Version tested GameBoy Advance
It's strange how a single popular game can shift an entire genre from 'stuffy and outdated' to 'firm favourite'. Who would have predicted a couple of years ago that in 2003, we'd be salivating over turn-based strategy games - a genre at which the majority of the gaming world has always turned its nose up? In the end, though, all it took was one game to mark a turning point - and once the world was hooked on Advance Wars, the floodgates of turn-based strategy titles were sure to open.
Turn Me Around
In general, what we've received has been very, very good indeed. From Advance Wars' own sequel to the sublime Final Fantasy Tactics Advance, to gems such as Fire Emblem and Tactics Ogre which are sadly unavailable in Europe as yet, turn-based strategy is a genre that has borne rich fruit on the Game Boy Advance - and the harvest is certainly not over yet, with several more titles on their way, some entirely new and some based on existing franchises (turn based or otherwise).
Onimusha Tactics is a somewhat odd addition to the genre, since it's based on an entirely different type of games - the samurai demon slasher Onimusha series being effectively Resident Evil with a very big sword and a bad temper. The last time we saw this attempted was when Konami translated Zone of the Enders into a GBA turn-based strategy, The Fist of Mars - which was a very decent stab at the genre, if excessively plot-heavy, but probably remains the weakest GBA turn-based strategy to date, which doesn't bode particularly well.
Onimusha takes its style directly from Final Fantasy Tactics Advance, and makes no bones about it. In fact, much of the game is almost identical to FFT, from the isometric landscapes and the super-deformed characters on the battlefield to minor things like the way that you choose a team from your characters to place on starting squares in each battle, or the way some non-playable characters will team up with you for battles and act under friendly AI control. In other respects, however, Onimusha Tactics marks a significant departure from the FFTA formula - in ways which are both welcome, and unwelcome.
One of the more welcome changes in the game is the significant beefing up of the plot elements, with each battle in the game strongly driven by the story (a conventional enough samurai tale which sees a young man descended from a legendary clan taking on an evil race of demons who threaten to engulf Japan under the leadership of a demonic general, Nobunga Oda - who is actually a real historical figure, although we don't think he was really a demon). Dialogue interrupts the proceedings on a fairly regular basis, but not in an annoying way, and the story and characters are certainly interesting enough to lead you by the nose through the game - a nice change from FFTA, which could occasionally feel slightly pointless due to the extremely weak plot and mostly non-linear progress.

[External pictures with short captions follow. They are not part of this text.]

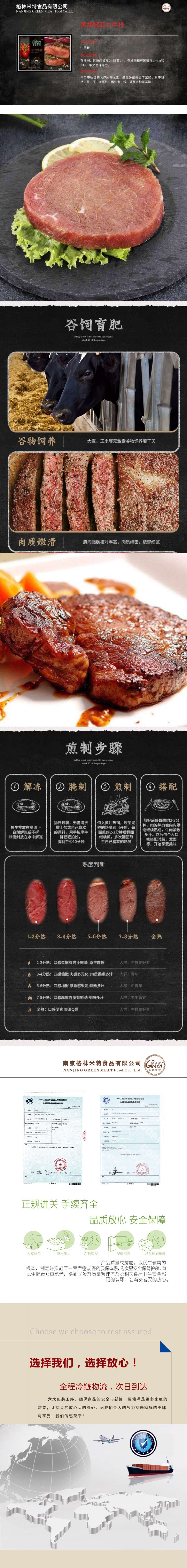 产品详情.jpg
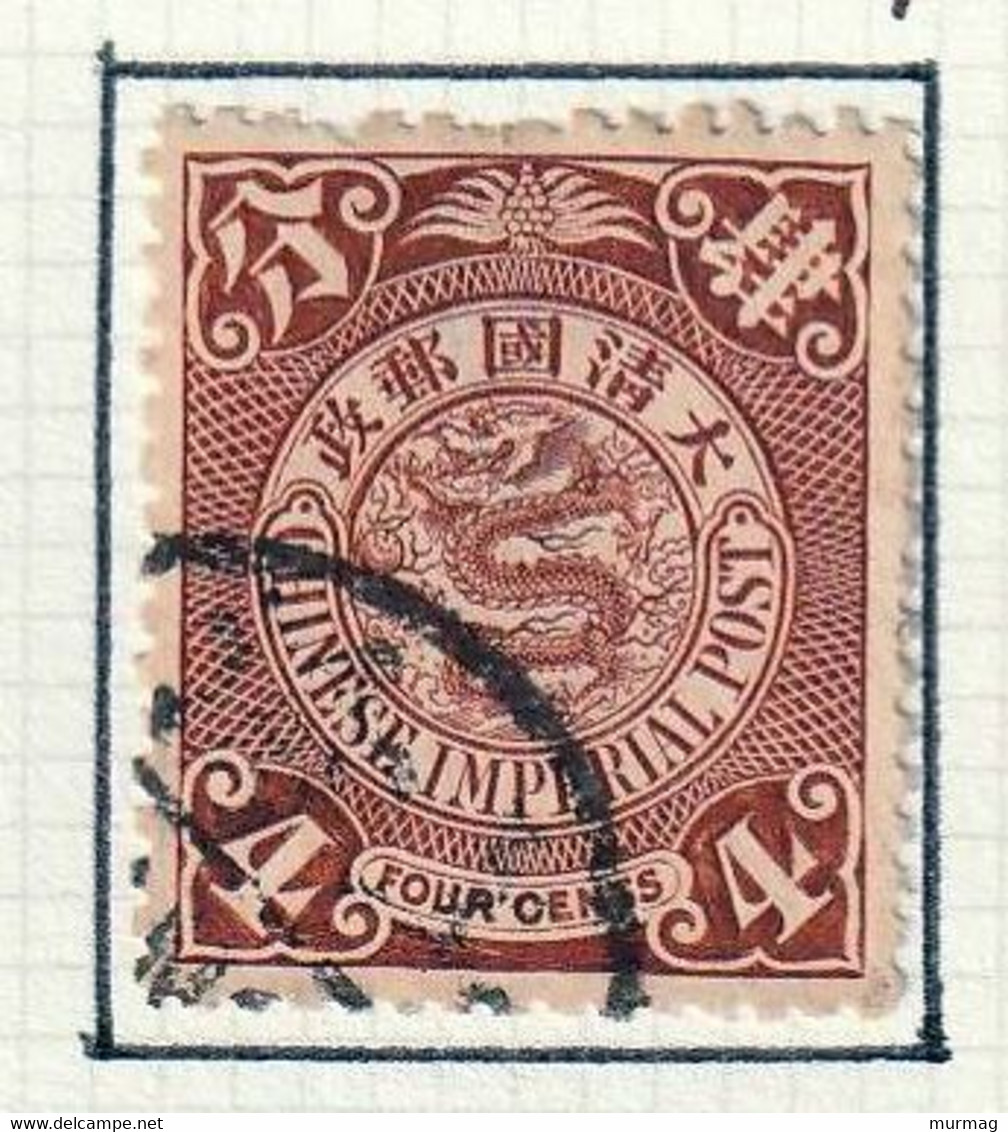 CHINE - Chine Impériale, Dragon - Y&T N° 49 - 1898 - Oblitéré - Gebruikt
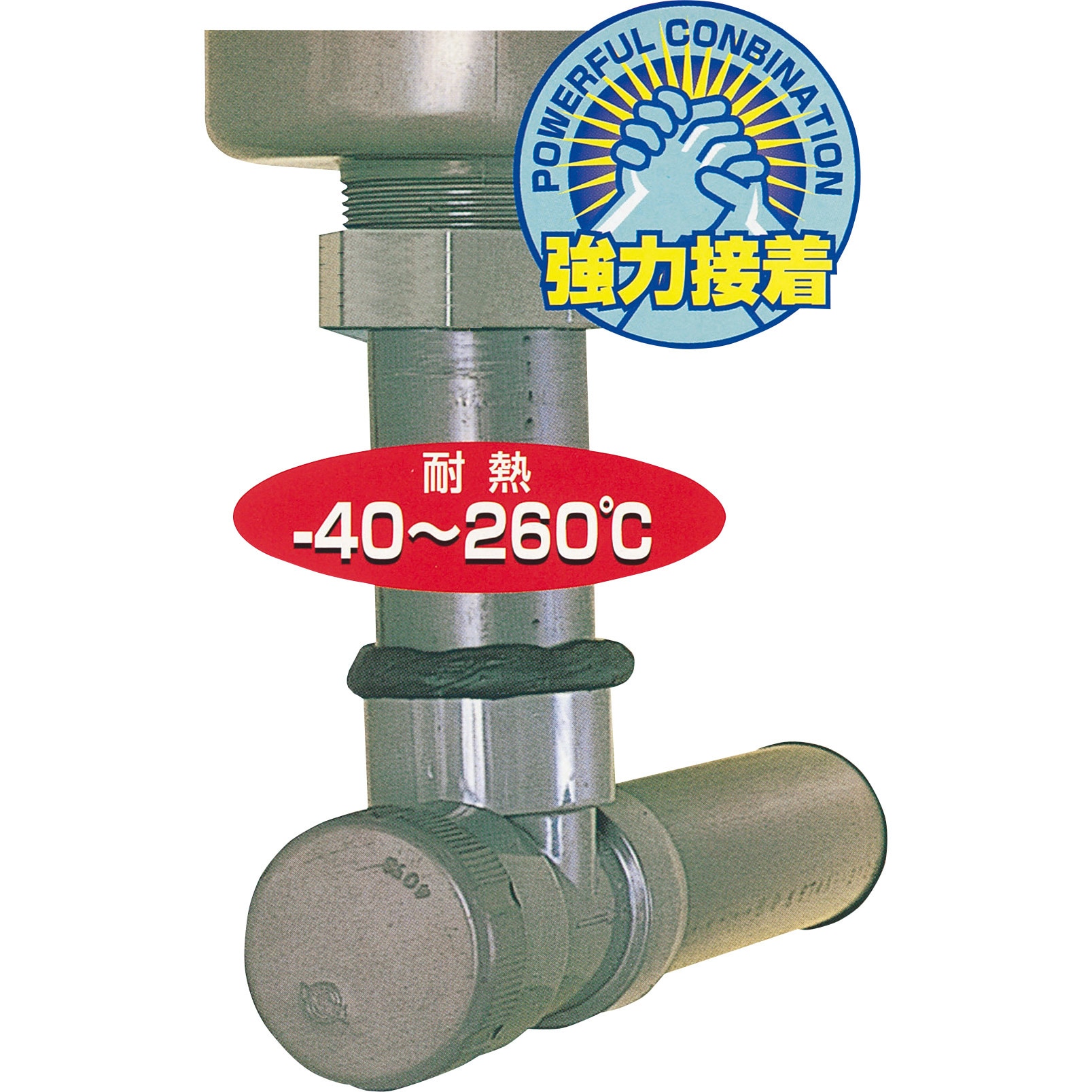 EP-200 レクターシール Rectorseal ナチュラルグレー色 1本(56g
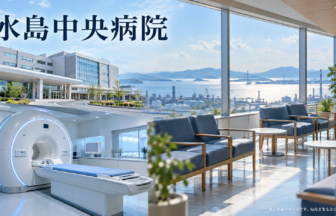 水島中央病院のファーストビューイメージ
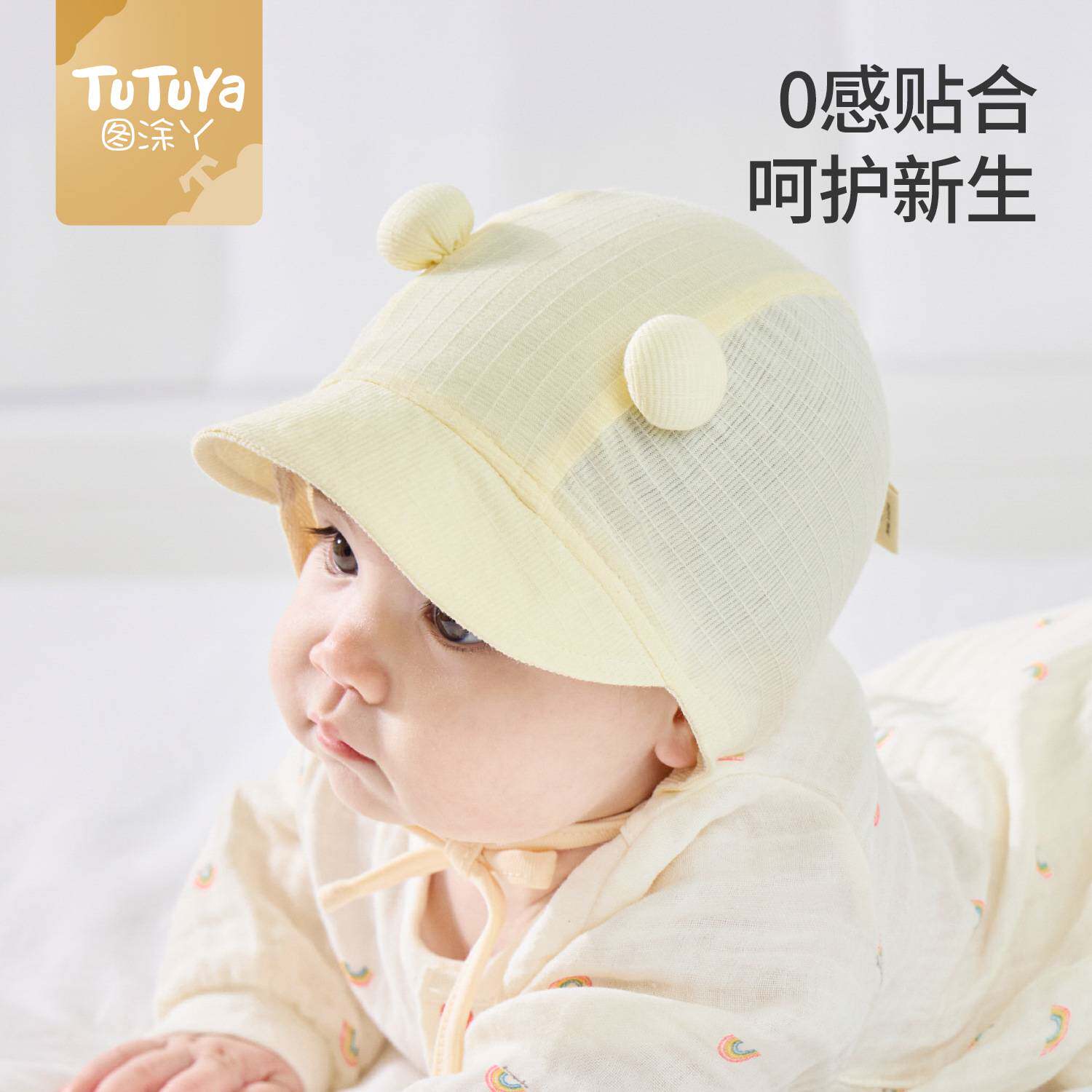 图涂丫婴儿帽子春秋宝宝护耳帽新生儿0到3个月婴幼儿护囟门帽胎帽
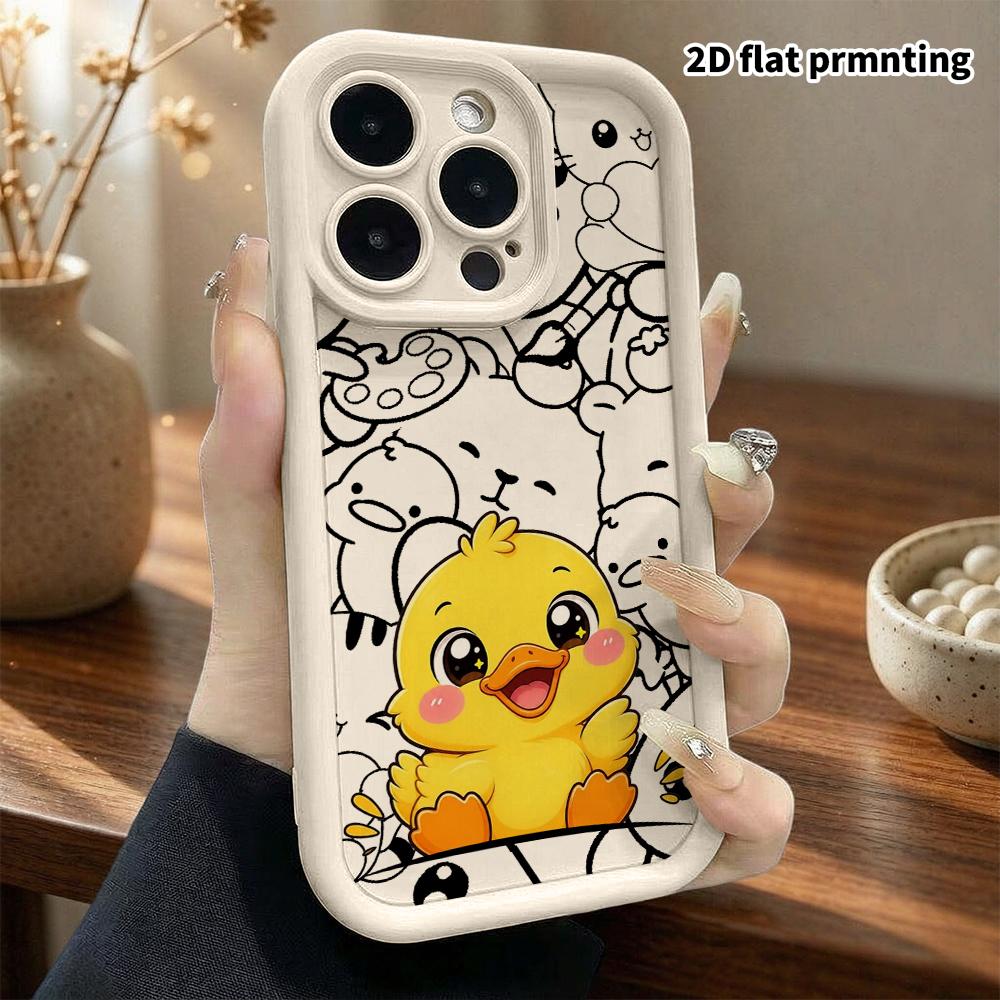 Phone case: 2D flat design, suitable for iPhone 18 17 16 15 14 13 Pro protective case, happy little yellow duck, perfect holiday gift for Christmas an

Unfortunately, while the plot has been beefed up, much of the rest of the game has been watered down, and Onimusha Tactics lacks a great many of the depths and subtleties which made FFTA into such a fantastic game. Simple things such as the ability to attack enemies from behind to score more damage are missing, but more keenly felt is the absence of FFTA's complex and intriguing job and skill system, which has been replaced with a rigidly fixed set of classes and slow, linear learning of skills. Other aspects of the game frustrate unnecessarily, such as the need to equip herbs and potions on the equipment screen before they can be used in battle, rather than simply using them directly from an inventory.
The dumbing down of the basic strategy systems in the game is really the key problem with Onimusha Tactics as compared to its more accomplished rival, and although the plot of the game will keep you entertained the whole way through it, it lacks both the basic longevity (being a very easy game, a criticism which has also been levelled at FFTA) and the massive replay value of FFTA. This is a terrible shame, because in most other respects the game is polished and well thought out, with decent graphics and gameplay that is solid and enjoyable despite its shallowness.
Tactical purchase suggestion
All in all, this is a good effort from Capcom, and if you've wrung every drop of enjoyment from FFTA and are eager for more turn-based goodness, this will certainly fill a gap nicely; but if you're looking for somewhere to start on turn-based strategy, there's no way this should join your collection before you've picked up Square Enix' significantly superior game.